Student and father, Jermaine Jones - recently featured in Panorama’s Britain’s Missing Dads’ - is currently studying at the College of Haringey, Enfield and North East London and working towards becoming a qualified youth worker.

Twenty-two year old Jermaine, who has a two year old daughter, was featured in the programme as a father who shares custody of his young daughter and is trying to improve the quality of their lives.

Jermaine is currently attending the College two days a week while working three days a week at the Pembury Youth Club in Hackney.

Jermaine spends one day a week at the College working towards his Apprenticeship in Youth Work Level 2 and he spends one day a week at  the College’s Study Skills Centre, where he gets help with his dyslexia. This includes access to assistive technology software such as Dragon Speech that allows him to read and write competently, and one-to-one literacy support.

Jermaine struggled at school, with his dyslexia going unnoticed until he enrolled at the College last year. He said: “When I started to get support from the College and they mentioned dyslexia, I didn’t even know what it meant. Now I know there is a reason why I found school so hard and I struggled to read bedtime stories to my daughter.”

Jermaine, who was discovered for the panorama programme by attending a scheme for young dads, added: “Being part of panorama and enrolling at the College has made me determined to provide a good life for my daughter. I think it is far too easy for young dads to walk away and leave the responsibility to the mother.

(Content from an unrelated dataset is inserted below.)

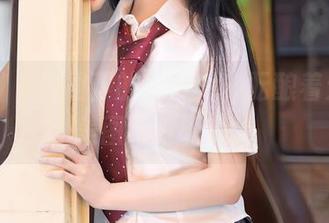 秀人网 – 白裙下的Sibyl，酝酿着无穷的美图与小叹息。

“Young dads out there who can’t provide for their family just need to get focused and back into education or work. No matter what skills they start with they can always aim higher. It’s not about letting people put you down, but basically doing what you have to do for your kids.

“And if money is an issue, there are plenty of routes you can take. I choose to do an apprenticeship so I can work and earn money while getting my qualification. Some people may be happy going from one low paid job to another but for me, studying means I can provide a better life for my daughter, and most of all I can read to her.”

Jane O’Neill, Vice Principal of Curriculum and Learner Experience, says: “Jermaine’s determination to succeed makes him a fantastic ambassador for the College, and shows the opportunities we offer at the College help people to overcome any barriers they may have experienced towards learning.”